Assignment: Restate the listing below word for word, pictures excluded.
-------- Data excerpts
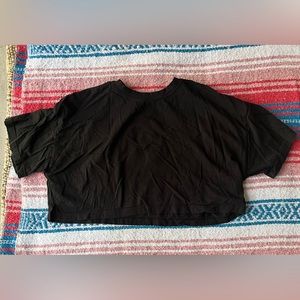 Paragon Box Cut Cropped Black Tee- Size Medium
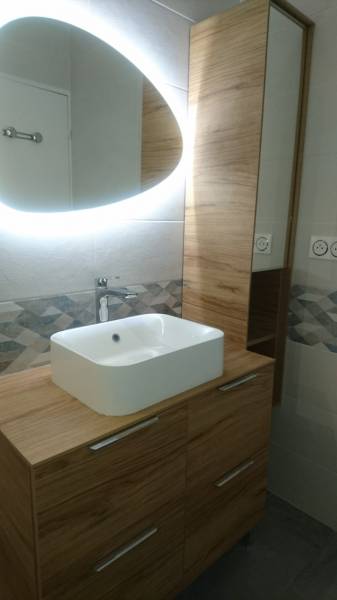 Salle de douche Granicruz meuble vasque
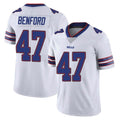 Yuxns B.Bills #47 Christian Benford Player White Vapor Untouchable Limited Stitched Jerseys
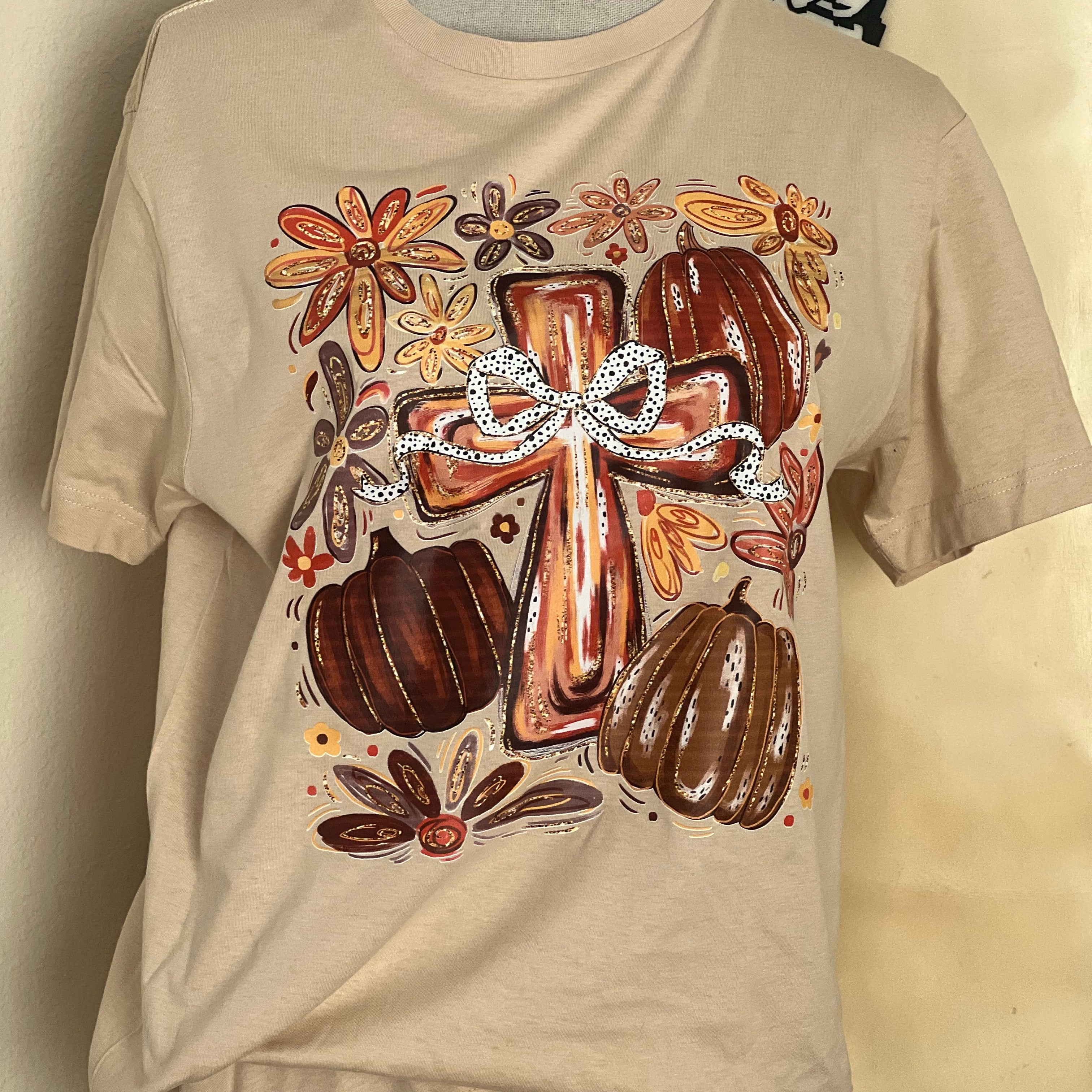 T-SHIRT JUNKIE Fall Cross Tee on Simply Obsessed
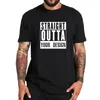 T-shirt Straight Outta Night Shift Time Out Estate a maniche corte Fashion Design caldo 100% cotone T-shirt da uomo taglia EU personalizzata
----------------
Reply:
 Paragon Box Cut Cropped Black Tee- Size Medium
 Salle de douche Granicruz meuble vasque
 Yuxns B.Bills #47 Christian Benford Player White Vapor Untouchable Limited Stitched Jerseys
 T-SHIRT JUNKIE Fall Cross Tee on Simply Obsessed
 T-shirt Straight Outta Night Shift Time Out Estate a maniche corte Fashion Design caldo 100% cotone T-shirt da uomo taglia EU personalizzata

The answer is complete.